==== The data ====

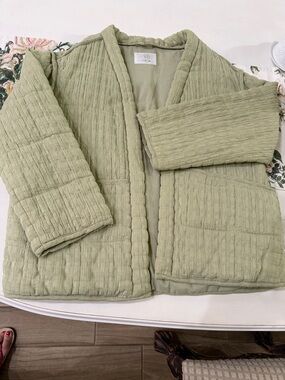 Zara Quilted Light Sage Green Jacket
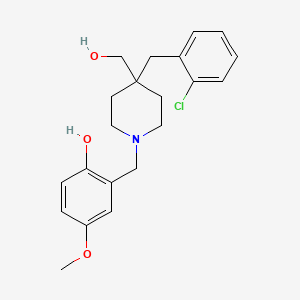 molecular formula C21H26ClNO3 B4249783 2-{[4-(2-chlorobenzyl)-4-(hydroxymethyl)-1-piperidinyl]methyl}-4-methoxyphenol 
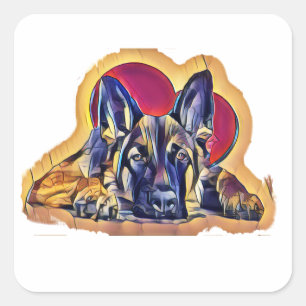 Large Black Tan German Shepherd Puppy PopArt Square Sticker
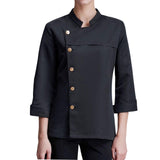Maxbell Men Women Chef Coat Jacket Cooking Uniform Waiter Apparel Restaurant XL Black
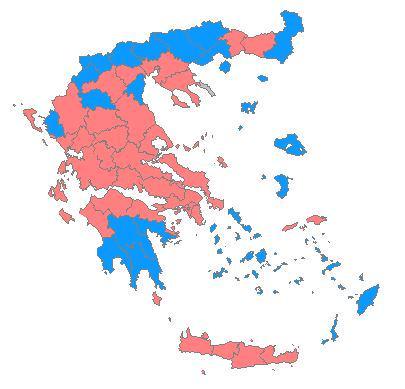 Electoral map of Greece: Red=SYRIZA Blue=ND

====

→ Exercise details
Transcribe each entry above without alteration, but keep the pictures out.

→ Result of the task
 Zara Quilted Light Sage Green Jacket
 molecular formula C21H26ClNO3 B4249783 2-{[4-(2-chlorobenzyl)-4-(hydroxymethyl)-1-piperidinyl]methyl}-4-methoxyphenol 
 Large Black Tan German Shepherd Puppy PopArt Square Sticker
Maxbell Men Women Chef Coat Jacket Cooking Uniform Waiter Apparel Restaurant XL Black
 Electoral map of Greece: Red=SYRIZA Blue=ND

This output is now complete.